Tropicana “100% Juice” Orange Juice, NV: yellow-orange, very opaque in the glass. On the nose, I got loads of citrus fruit. I don’t like to get too specific, but definitely oranges. Like a whole bushel of oranges. In the mouth, the barrage of oranges continued. It tasted almost as if it was made from 100% oranges. Crazy. Definitely quite a bit of residual sugar in this one, but it was certainly kept in check by ripping acidity. This one just spit my tongue in two with a strong backbone of what seemed to be much more of a citric acid than malic, lactic, or even tartaric. Along with that, the mouthfeel was heavy, supple, almost…pulpy, if that makes any sense. I imagine it wasn’t heavily filtered or fined, but I noticed no designation on the bottle, nor any references to organic or biodynamic farming and production methods. 3 out of 5 snot wads here.
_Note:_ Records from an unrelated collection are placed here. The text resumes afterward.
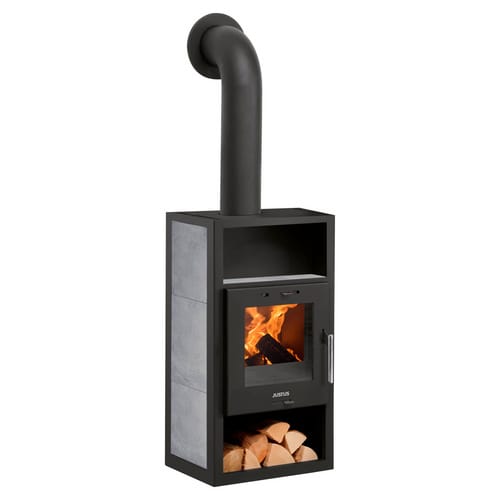 JUSTUS Kaminofen »Texas«, speckstein, Keramik, 6 kW, Zeitbrand geeignet - schwarz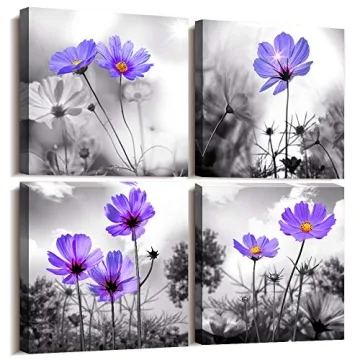 Stunning Wall Art for Living Room with Black and White Purple Flowers - 4 Piece Canvas Print for Mod...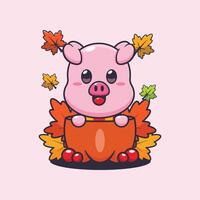 Cute pig in a pumpkin at autumn season. vector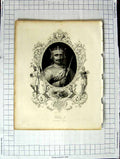 Original Old Antique Print Portrait King William Ii Scene Death Rufus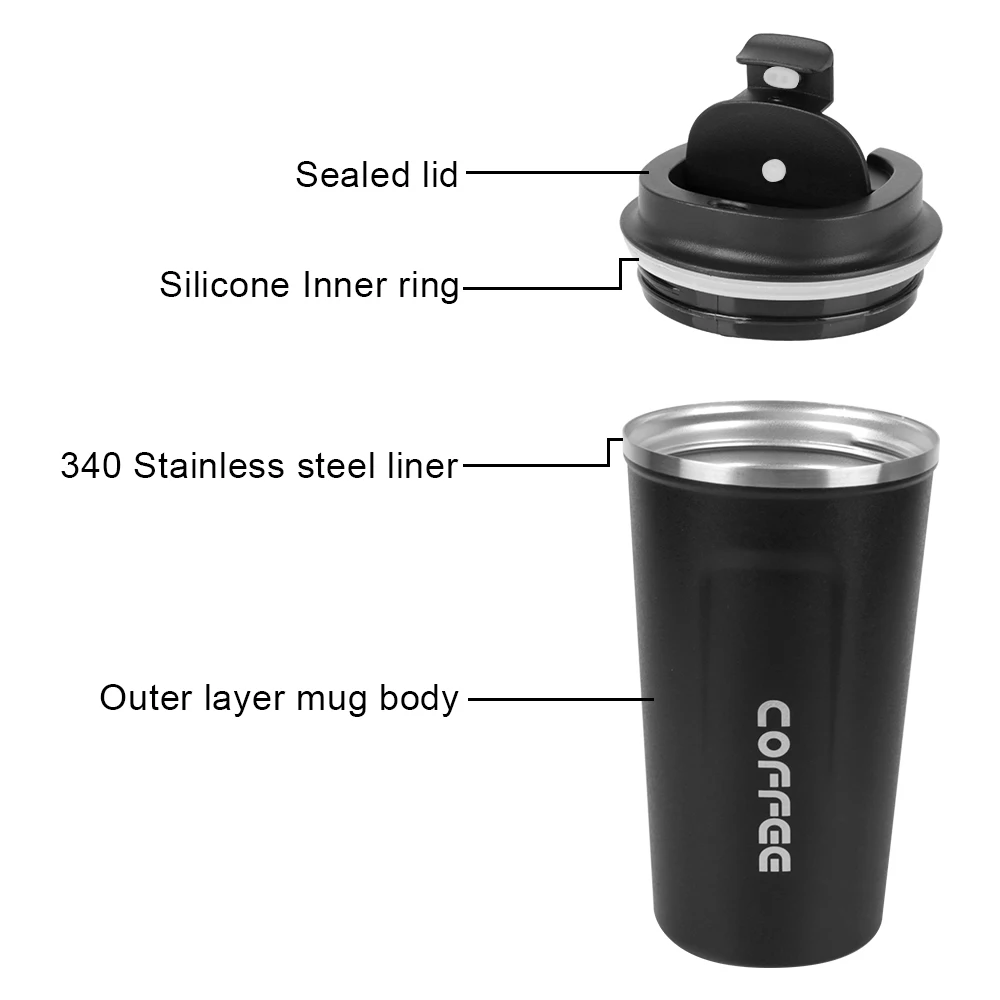 Caneca térmica para café, caneca térmica para carro, 380/510ml, à prova de vazamento, copo térmico de viagem para chá, água, café, aço inoxidável duplo - Image 3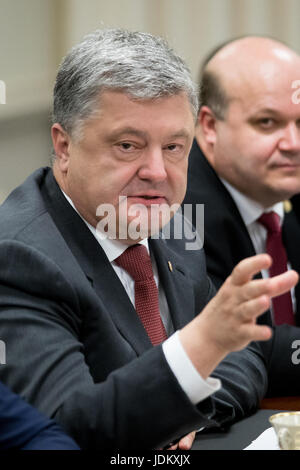 Washington, USA. 20. Juni 2017. Ukrainische Präsident Petro Poroschenko (L) spricht bei einem Treffen mit US-Verteidigungsminister James Mattis (nicht im Bild) auf das Pentagon in Washington, DC, USA, am 20. Juni 2017. Bildnachweis: Ting Shen/Xinhua/Alamy Live-Nachrichten Stockfoto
Canada Dry “Gingered” Ale, NV: I say this bottle was non-vintage, but it mentioned “since 1904”, so in the case that this was indeed a vintage bottling, I was pleased to see a screw-cap stopper, rather than a cork, as I didn’t want my $1.99 to go to waste on an oxidized product. In the glass, I delighted at not only the rich, golden color, but the bubbling frizzante, something I rarely see in Canadian product. When probed with my eager nose, the “gingered” ale exuded bunches of bubbles, causing me to sneeze quite violently. On the palate, I got quite a bit of sweetness, which surprised me a bit, as the name- Canada Dry– suggested otherwise. I also got rather pronounced flavors of ginger. Huzzah for “gingered” ale, indeed! A worthy tipple, garnering 4 out of 5 snot wads.